Separate EAO-PDF sources said battle-hardened troops are being deployed into the east where the junta still has a toehold in strategic areas, including the Infantry Battalion 275 base about 14 kilometers west of Myawaddy and around Shwe Kokko, 20 kilometers to the north.

That might not be enough but more troops could be deployed if a Chinese-brokered ceasefire between the junta and the Arakan Army, fighting in western Rakhine state, is agreed to. At least one source said that could happen within the next two weeks.

Nevertheless, the Karen National Liberation Army (KNLA) is in a commanding position and controls about 90 percent of Kayin State. Yet despite this Myawaddy is problematic and a source of irritation for troops on the ground.

No sooner had the KNLA taken the city of 200,000 people than it abruptly backed down and did a deal with defecting junta soldiers and the local Border Guard Force (BGF) in what amounted to an uneasy power-sharing agreement in mid-April. Some called it a strategic withdrawal.

KNLA leaders and the shadow National Unity Government (NUG) did fear Myawaddy would be mercilessly bombed by the junta’s air force. An uneasy truce still exists, amid pressure from Thailand, but this has upset the rank and file who have little to show for months of hard fighting.

“There’s something wrong. It’s too quiet. We were told in training; in war be true to yourself. We did this and fought but now we feel betrayed by the politicians. I am from Myawaddy, we won that battle and I can’t even go there,” a KNLA commando told this journalist in Mae Sot.

Nevertheless, he indicated the KNLA is braced for a counter-offensive, adding: “The political situation is complex and we can’t talk about the situation or the operations.”

Mae Sot sits on the Thai side of the border opposite Myawaddy, divided by the Moei River and is every bit a frontier town, or halfway house for troops from all sides of the conflict, refugees, and NGOs attempting to meet the needs of hundreds of thousands of people who have fled Myanmar’s conflicts over the years.

And none of them want to get bogged down in the sodden mud, the steep ravines prone to landslides, or thick jungles that are difficult to navigate amid the torrential rains, where delivering supplies, deploying troops, and evacuating the wounded is almost impossible.

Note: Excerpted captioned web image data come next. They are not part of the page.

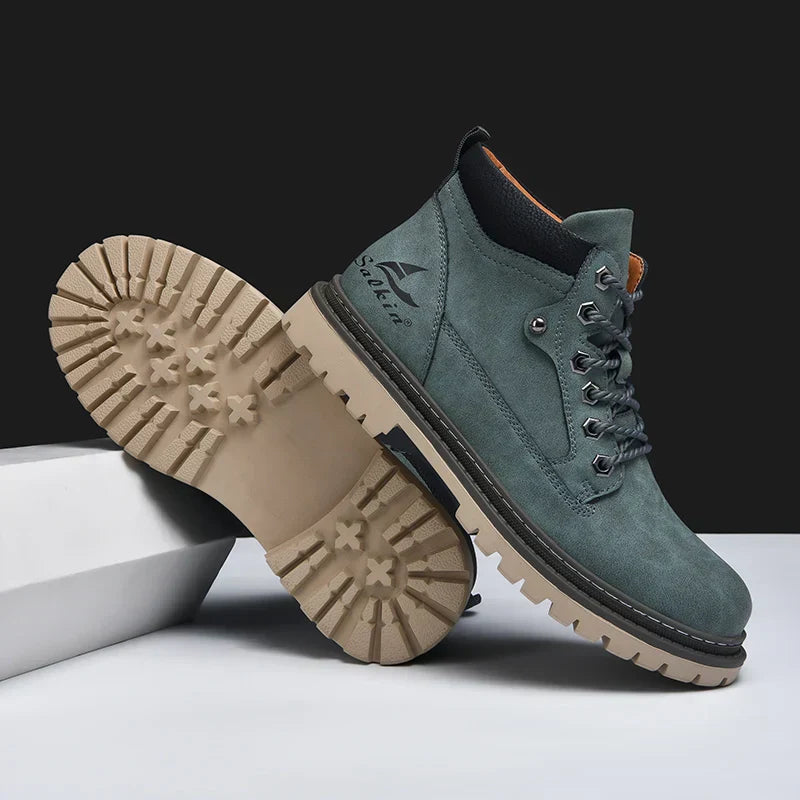 Eleganter brauner Herren Winterschuh, Schnürstiefel für den Alltag, warm und mit guter Traktion.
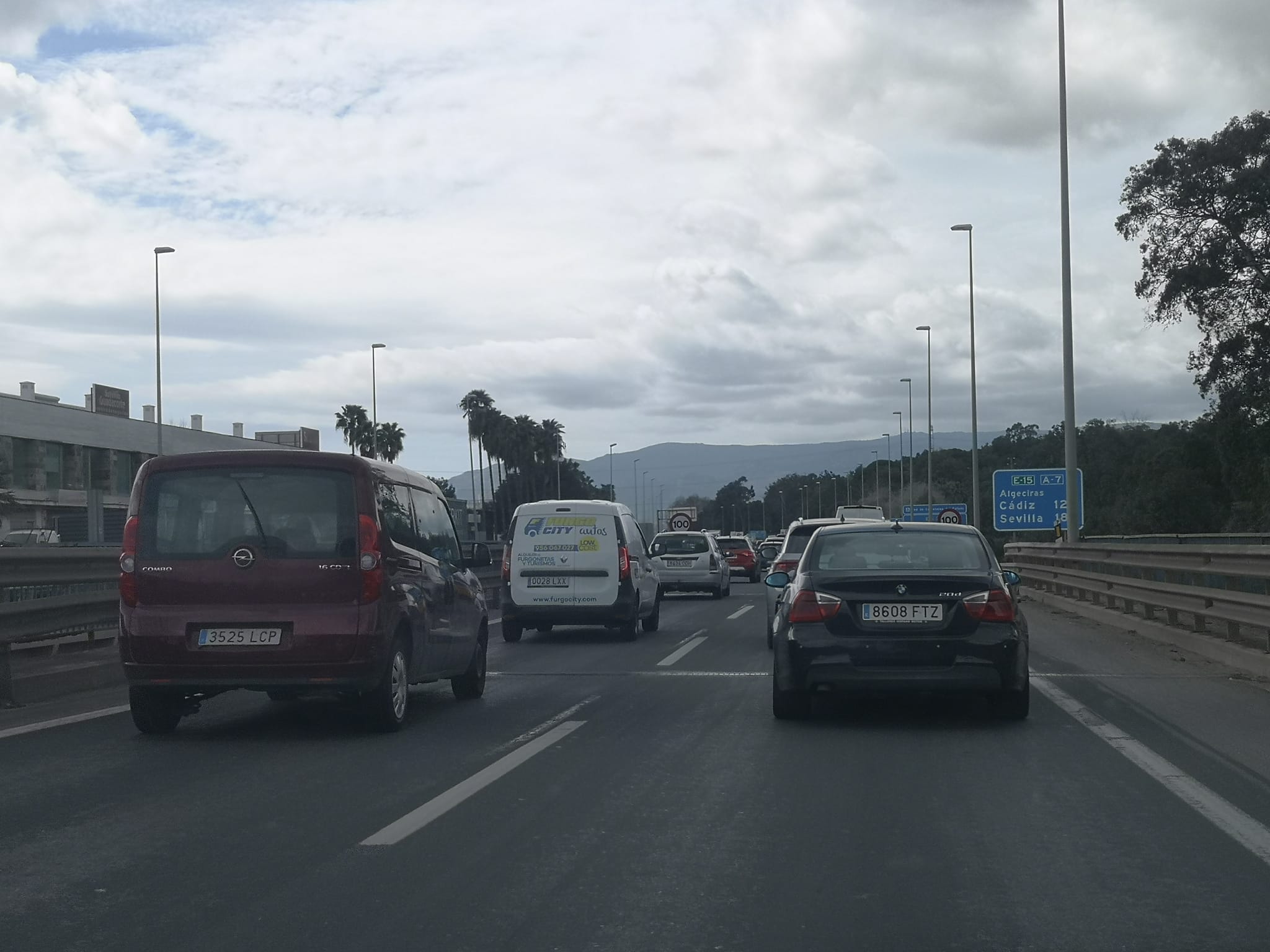 Más de un millón de desplazamientos previstos en Andalucía desde este viernes en el final de la operación de Navidad. Foto: Colas en la A7. Imagen de archivo. 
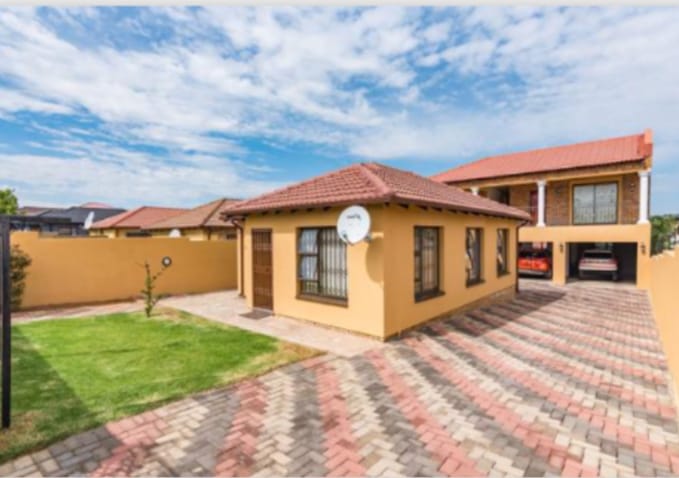 To Let 3 Bedroom Property for Rent in Mindalore Gauteng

This was another reason why the 20-odd EAOs and the PDFs decided not to press home the advantage by attacking Naypyidaw, Yangon, and Mandalay towards the end of April and why many are saying the junta simply does not have the time to retake the east.

But not everyone agrees, as one observer, who declined to be named, put it: “Hlaing is embarrassed and the revolution is succeeding. He desperately needs a win and even in a monsoon, jets can keep bombing and I think the military will still battle it out for control of the road network,” the observer said.

“It might be difficult on the ground but I don’t think the fighting will stop for the wet season,” he added. “In fact, it could intensify because the junta has no choice.”